From the records below, please repeat exactly the line that has "So welcome back", the line that has "A remark concerning", and every line between them, and nothing else.

Provided entries:

# # # # #

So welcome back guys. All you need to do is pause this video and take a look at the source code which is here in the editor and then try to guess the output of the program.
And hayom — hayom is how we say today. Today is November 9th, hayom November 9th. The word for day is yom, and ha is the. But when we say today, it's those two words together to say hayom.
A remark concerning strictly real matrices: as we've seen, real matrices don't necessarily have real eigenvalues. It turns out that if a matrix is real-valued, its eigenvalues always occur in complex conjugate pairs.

# # # # #

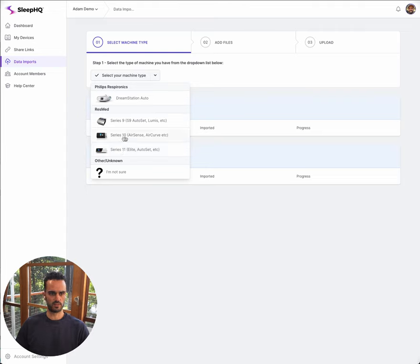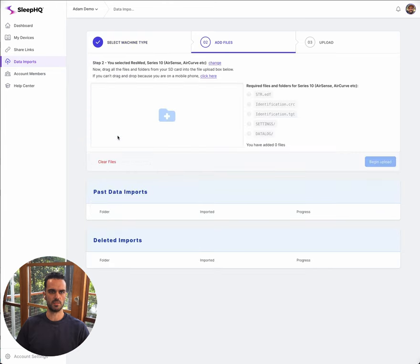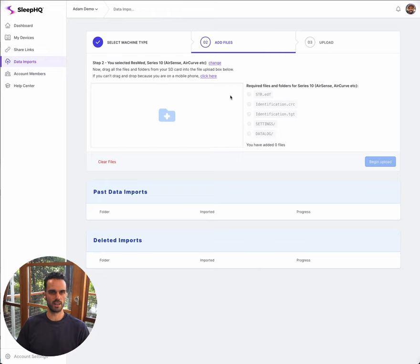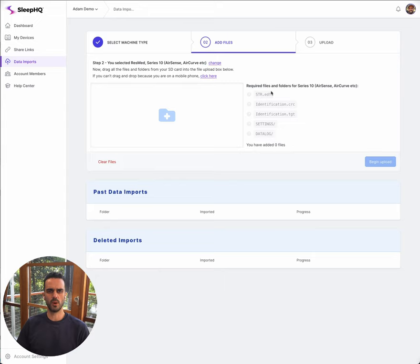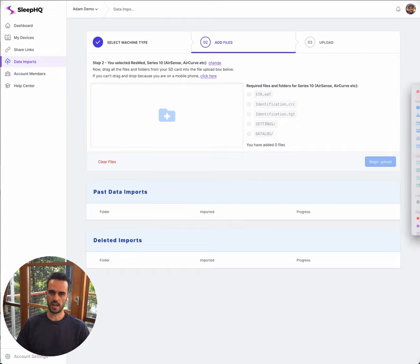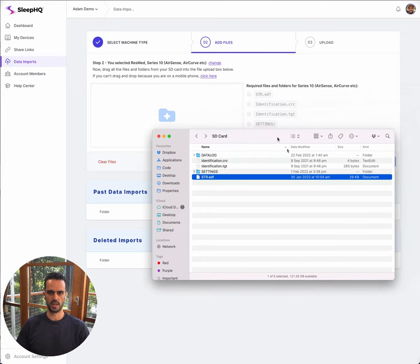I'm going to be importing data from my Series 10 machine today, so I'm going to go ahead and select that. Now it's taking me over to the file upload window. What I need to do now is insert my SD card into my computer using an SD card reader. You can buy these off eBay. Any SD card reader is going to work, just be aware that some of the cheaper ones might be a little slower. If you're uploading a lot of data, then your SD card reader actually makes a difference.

# # # # #

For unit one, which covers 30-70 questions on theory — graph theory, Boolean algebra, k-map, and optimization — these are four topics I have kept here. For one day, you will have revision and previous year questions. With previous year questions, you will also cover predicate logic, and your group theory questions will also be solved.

# # # # #

Response area:
So welcome back guys. All you need to do is pause this video and take a look at the source code which is here in the editor and then try to guess the output of the program.
And hayom — hayom is how we say today. Today is November 9th, hayom November 9th. The word for day is yom, and ha is the. But when we say today, it's those two words together to say hayom.
A remark concerning strictly real matrices: as we've seen, real matrices don't necessarily have real eigenvalues. It turns out that if a matrix is real-valued, its eigenvalues always occur in complex conjugate pairs.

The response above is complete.